La Chine sous pression internationale
L’image n’est pas fausse mais elle commence à changer. Les derniers développements en mer de Chine méridionale y contribuent. Pékin intensifie la construction sur les îlots d’infrastructures artificielles à caractère visiblement militaire. Les Etats-Unis, désormais plus « offensifs », montrent un peu plus les dents à la Chine. Ils rendent plus concrète la politique du « pivot » américain vers l’Asie-Pacifique.
« Les Etats-Unis ont choisi le bon argument pour contrecarrer l’ambition plutôt belliqueuse des Chinois, analyse le politologue belge Bruno Hellendorff du Group of Research and Information for Peace and Security (GRIP). Washington s’engage à protéger la liberté de circulation maritime et aérienne. Cet argument est imparable sur le plan politique mais aussi du droit ! »
Eviter de prendre partie entre les « buffles »
L’Union européenne en médiateur ?
Mi-mai. Direction Paris pour une conférence sur les « Nouvelles tensions en mer de Chine méridionale », organisée par l’IRIS
et la Fondation Gabriel Péri. Les intervenants jugent nécessaire une médiation pour faire baisser la tension, et rendre la Chine plus raisonnable, plus enclin à discuter à la lumière du droit international. C’est l’avis de l’Indien Baladas Ghoshal, directeur de la Society of Indian Ocean Studies de New Delhi : « Les médiateurs neutres ne manquent pas, qu’ils viennent des Nations Unies, de l’UE, ou même de la Suisse et pourquoi pas de Singapour.
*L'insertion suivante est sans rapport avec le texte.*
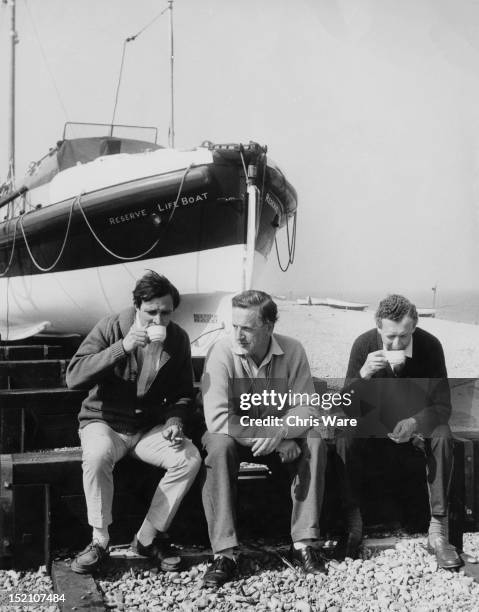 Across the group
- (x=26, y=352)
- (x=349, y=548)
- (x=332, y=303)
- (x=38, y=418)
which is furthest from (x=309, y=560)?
(x=332, y=303)

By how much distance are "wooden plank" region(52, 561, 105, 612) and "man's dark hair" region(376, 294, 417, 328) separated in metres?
1.50

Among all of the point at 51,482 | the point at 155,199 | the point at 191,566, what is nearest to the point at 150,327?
the point at 51,482

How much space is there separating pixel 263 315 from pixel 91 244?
4.53m

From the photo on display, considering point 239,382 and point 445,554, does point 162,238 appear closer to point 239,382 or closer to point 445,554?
point 239,382

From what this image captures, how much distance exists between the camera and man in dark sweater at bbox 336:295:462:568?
263 cm

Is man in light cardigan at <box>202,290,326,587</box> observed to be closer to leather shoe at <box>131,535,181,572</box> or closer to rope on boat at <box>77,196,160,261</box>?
leather shoe at <box>131,535,181,572</box>

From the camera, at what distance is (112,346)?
8.30ft

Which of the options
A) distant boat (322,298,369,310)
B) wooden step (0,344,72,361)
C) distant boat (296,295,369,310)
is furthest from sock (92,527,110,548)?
distant boat (322,298,369,310)

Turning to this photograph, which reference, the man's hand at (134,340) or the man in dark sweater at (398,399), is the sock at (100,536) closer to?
the man's hand at (134,340)

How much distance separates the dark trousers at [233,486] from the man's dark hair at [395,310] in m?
0.59

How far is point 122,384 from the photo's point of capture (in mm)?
2623

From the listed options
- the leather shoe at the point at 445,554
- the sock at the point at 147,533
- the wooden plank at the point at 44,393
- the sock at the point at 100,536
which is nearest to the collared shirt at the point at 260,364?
the sock at the point at 147,533

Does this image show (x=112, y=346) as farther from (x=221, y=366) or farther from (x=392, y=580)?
(x=392, y=580)

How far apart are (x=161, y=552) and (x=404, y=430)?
109 centimetres
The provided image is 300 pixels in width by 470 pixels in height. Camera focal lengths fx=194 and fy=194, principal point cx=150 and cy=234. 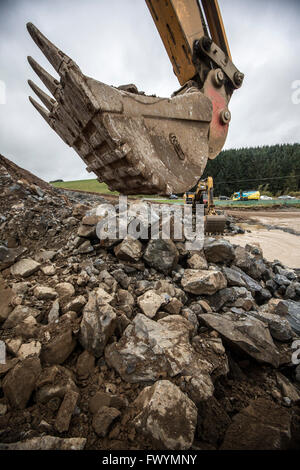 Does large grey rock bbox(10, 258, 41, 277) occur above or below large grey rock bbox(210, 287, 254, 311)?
above

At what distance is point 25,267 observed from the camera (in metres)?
2.09

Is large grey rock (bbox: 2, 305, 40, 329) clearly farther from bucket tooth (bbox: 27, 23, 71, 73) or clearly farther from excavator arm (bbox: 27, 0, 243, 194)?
bucket tooth (bbox: 27, 23, 71, 73)

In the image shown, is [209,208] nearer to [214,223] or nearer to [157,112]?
[214,223]

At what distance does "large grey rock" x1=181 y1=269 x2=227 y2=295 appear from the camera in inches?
87.8

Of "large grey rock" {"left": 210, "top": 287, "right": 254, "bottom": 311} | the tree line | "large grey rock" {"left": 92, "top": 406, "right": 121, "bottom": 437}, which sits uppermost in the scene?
the tree line

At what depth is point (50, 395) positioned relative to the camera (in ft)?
3.82

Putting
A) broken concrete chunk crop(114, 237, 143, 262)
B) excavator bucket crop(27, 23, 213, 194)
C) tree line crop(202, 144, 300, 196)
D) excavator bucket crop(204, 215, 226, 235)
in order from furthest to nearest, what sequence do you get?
tree line crop(202, 144, 300, 196)
excavator bucket crop(204, 215, 226, 235)
broken concrete chunk crop(114, 237, 143, 262)
excavator bucket crop(27, 23, 213, 194)

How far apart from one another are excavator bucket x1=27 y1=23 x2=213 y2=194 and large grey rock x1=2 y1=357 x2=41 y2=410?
1350mm

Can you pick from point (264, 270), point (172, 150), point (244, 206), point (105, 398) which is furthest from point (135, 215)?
point (244, 206)

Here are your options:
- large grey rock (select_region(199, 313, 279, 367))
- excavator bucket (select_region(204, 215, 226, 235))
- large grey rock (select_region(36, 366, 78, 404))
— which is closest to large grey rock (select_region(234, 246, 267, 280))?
large grey rock (select_region(199, 313, 279, 367))

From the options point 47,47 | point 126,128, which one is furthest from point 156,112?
point 47,47

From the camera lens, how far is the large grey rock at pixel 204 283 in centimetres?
223

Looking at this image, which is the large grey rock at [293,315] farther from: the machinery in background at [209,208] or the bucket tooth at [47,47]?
the machinery in background at [209,208]

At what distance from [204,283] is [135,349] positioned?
1103mm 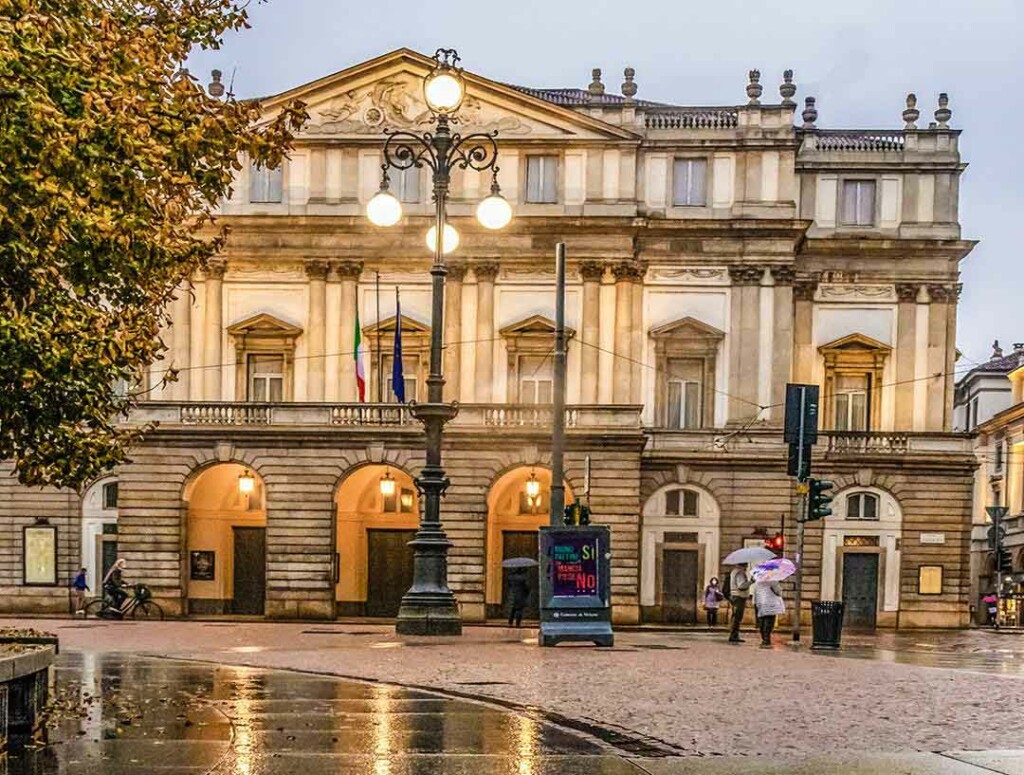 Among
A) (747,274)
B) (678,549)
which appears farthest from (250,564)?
(747,274)

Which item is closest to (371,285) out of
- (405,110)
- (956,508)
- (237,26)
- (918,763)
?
(405,110)

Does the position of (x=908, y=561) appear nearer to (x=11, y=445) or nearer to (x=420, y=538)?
(x=420, y=538)

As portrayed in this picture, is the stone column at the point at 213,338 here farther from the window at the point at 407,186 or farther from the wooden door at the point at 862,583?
the wooden door at the point at 862,583

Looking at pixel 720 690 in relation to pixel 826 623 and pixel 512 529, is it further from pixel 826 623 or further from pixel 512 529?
pixel 512 529

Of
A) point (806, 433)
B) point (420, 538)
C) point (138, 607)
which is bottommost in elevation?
point (138, 607)

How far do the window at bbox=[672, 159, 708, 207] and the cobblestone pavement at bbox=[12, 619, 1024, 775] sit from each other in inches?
959

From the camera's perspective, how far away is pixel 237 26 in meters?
14.0

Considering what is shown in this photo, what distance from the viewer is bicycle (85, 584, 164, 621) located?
4359 centimetres

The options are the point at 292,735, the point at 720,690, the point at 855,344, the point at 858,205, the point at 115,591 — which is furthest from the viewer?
the point at 858,205

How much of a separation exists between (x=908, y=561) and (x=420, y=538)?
93.2ft

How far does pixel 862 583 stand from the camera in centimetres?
5044

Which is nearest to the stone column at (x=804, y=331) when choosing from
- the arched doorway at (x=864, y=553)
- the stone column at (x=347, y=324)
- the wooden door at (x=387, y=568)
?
the arched doorway at (x=864, y=553)

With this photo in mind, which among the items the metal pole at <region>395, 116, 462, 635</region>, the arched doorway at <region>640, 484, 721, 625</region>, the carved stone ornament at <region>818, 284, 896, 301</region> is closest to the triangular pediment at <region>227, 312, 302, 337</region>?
the arched doorway at <region>640, 484, 721, 625</region>

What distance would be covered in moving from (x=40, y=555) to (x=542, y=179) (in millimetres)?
21011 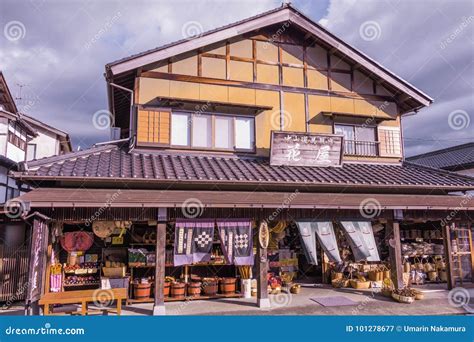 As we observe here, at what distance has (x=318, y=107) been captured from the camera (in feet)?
46.3

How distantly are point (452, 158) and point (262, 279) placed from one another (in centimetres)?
2289

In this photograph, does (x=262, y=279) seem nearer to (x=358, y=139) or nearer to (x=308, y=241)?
(x=308, y=241)

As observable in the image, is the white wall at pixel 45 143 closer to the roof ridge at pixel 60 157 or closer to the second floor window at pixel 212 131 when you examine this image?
the roof ridge at pixel 60 157

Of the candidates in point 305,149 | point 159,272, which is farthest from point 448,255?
point 159,272

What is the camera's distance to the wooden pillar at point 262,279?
10.9 meters

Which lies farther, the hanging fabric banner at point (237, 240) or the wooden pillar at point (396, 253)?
the wooden pillar at point (396, 253)

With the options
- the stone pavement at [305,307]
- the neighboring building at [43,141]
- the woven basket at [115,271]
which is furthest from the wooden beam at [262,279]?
the neighboring building at [43,141]

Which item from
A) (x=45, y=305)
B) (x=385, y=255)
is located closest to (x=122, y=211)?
(x=45, y=305)

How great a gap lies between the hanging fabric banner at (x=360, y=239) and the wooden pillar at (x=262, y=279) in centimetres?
288

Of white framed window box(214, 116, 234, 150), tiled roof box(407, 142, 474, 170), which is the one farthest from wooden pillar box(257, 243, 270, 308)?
tiled roof box(407, 142, 474, 170)

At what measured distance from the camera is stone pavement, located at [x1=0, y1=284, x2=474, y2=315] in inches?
410

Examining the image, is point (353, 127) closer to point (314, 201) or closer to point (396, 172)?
point (396, 172)

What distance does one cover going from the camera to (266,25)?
44.5ft

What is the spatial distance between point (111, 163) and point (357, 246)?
8155 mm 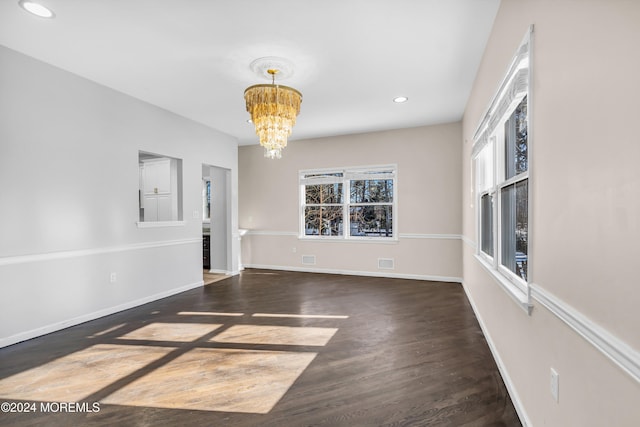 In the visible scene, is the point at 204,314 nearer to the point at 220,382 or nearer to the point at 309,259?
the point at 220,382

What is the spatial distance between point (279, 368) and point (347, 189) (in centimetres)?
440

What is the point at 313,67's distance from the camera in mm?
3414

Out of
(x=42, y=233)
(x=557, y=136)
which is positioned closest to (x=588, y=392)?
(x=557, y=136)

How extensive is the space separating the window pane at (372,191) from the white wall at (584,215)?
14.3ft

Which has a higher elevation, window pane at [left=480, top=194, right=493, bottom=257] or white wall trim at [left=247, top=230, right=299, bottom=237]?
window pane at [left=480, top=194, right=493, bottom=257]

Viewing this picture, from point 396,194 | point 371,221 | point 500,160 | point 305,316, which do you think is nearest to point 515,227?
point 500,160

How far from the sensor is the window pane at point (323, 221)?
6.65m

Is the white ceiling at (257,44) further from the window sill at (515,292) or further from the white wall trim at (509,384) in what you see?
the white wall trim at (509,384)

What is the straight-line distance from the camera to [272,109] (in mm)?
3250

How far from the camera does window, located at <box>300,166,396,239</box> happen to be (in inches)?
245

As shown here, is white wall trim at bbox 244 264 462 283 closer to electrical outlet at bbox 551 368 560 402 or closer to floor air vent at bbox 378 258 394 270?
floor air vent at bbox 378 258 394 270

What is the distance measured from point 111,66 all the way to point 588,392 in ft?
14.4

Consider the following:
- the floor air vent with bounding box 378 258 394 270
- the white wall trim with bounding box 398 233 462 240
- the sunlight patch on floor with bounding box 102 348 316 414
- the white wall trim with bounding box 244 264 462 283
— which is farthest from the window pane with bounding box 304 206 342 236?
the sunlight patch on floor with bounding box 102 348 316 414

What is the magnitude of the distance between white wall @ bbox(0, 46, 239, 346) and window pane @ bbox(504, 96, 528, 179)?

Mais l’action la plus rapide face aux activités chinoises devra venir certainement des pays de l’ASEAN et de son organisation. Son rôle sera crucial dans les règlements éventuels des disputes. Car les réactions des pays de l’ASEAN toucheront directement la Chine : relation diplomatique, échanges économiques et même influences politiques. Le problème est que la Chine essaie de mettre l’ASEAN dans son giron et de la diviser — avec succès — afin d’éviter toute condamnation contre elle. Mais les choses vont peut-être évoluer… » L’ambassadeur français pour la Communauté du Pacifique, Christian Lechervy, intervient :
« L’UE pourrait très bien servir de médiateur. Elle l’a fait avec succès au Timor-Oriental et dans d’autres régions du monde. »
Le Vietnam, la stratégie philippine et le rôle de l’Inde
Face aux tensions maritimes, le reste de la région asiatique est loin de rester neutre. L’Inde vient d’attribuer au Vietnam une ligne de crédit pour des équipements militaires, notamment en matière de défense maritime. Pour le Pr. Prabhakar Williams, du Centre d’étude stratégique de l’Asie à New Delhi,
« L’Inde soutient et soutiendra les Philippines, le Vietnam, le Japon et les autres pays dans la démarche juridique internationale. L’Inde est une puissance régionale et possède des intérêts stratégiques en mer de Chine. Notre pays ne laissera pas un autre Etat, quel qu’il soit, s’en emparer. L’Inde veut contribuer à garantir la libre circulation sur cette mer. Elle fera tout pour cela… »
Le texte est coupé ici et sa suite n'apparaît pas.